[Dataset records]
-- Opening Marker --

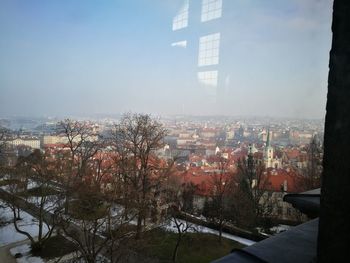 Trees in city against sky during winter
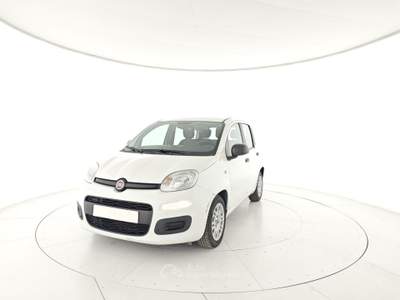 Fiat Panda 1.0 FireFly S&S Hybrid Bianco usata Capua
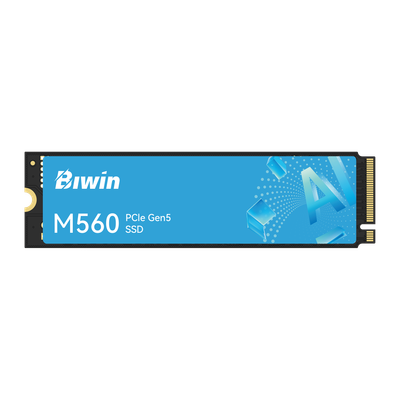 Biwin M560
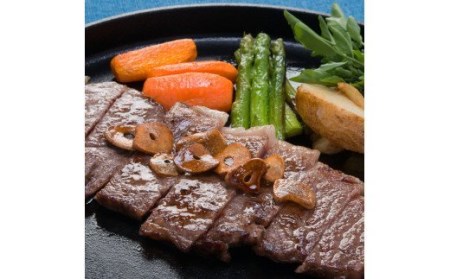 【28019】A5飛騨牛ロースステーキ用400ｇ（200ｇ×2枚）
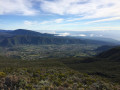 Le Piton Textor depuis la Plaine des Palmistes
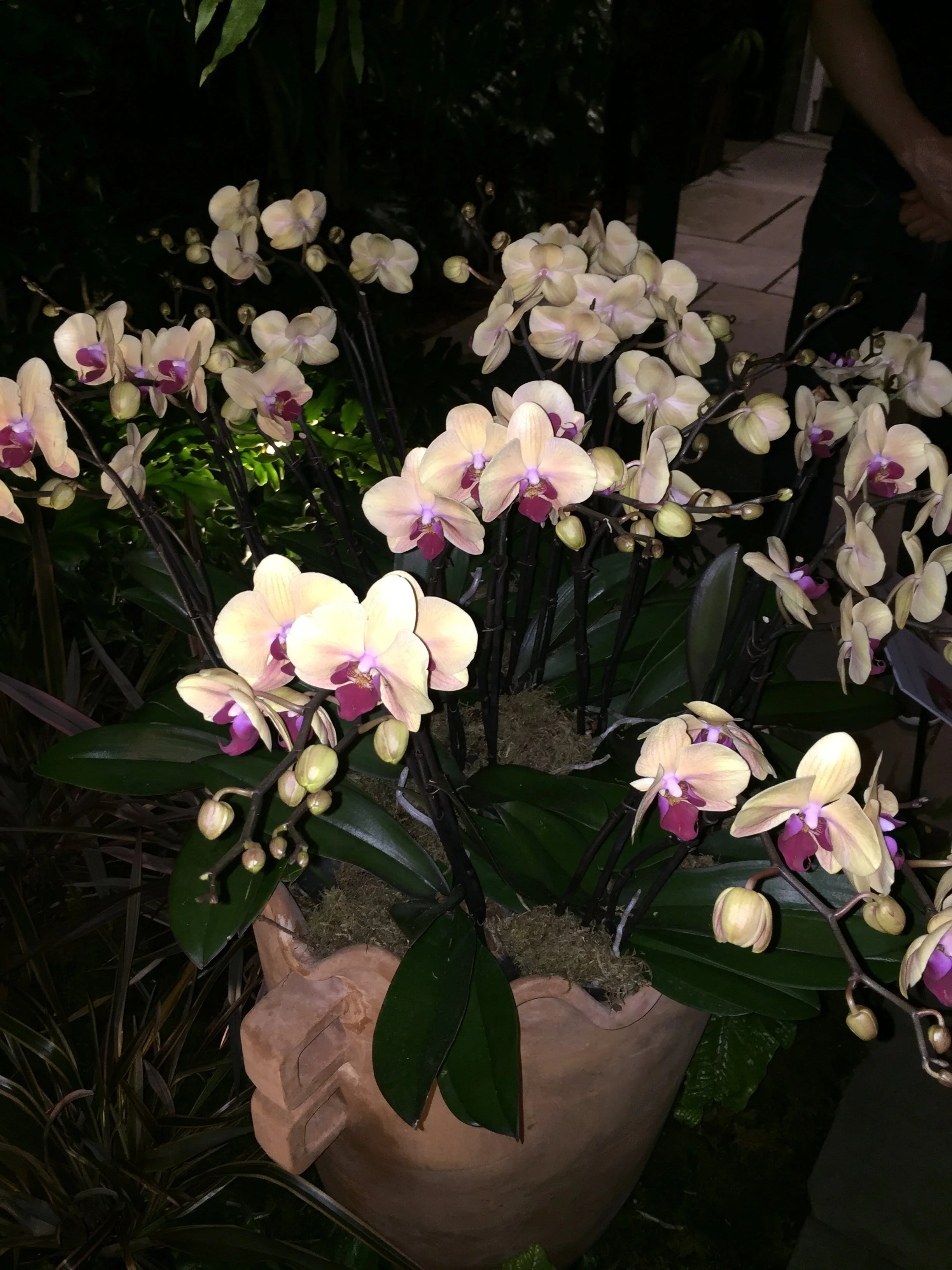 A large potted plant with numerous white and pink orchids at night, surrounded by green leaves.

-- Closing Marker --

Give back every record above word for word; the pictures have no place in it.

 Trees in city against sky during winter
 Fiat Panda 1.0 FireFly S&S Hybrid Bianco usata Capua
 Biwin M560
 【28019】A5飛騨牛ロースステーキ用400ｇ（200ｇ×2枚）
 Le Piton Textor depuis la Plaine des Palmistes
 A large potted plant with numerous white and pink orchids at night, surrounded by green leaves.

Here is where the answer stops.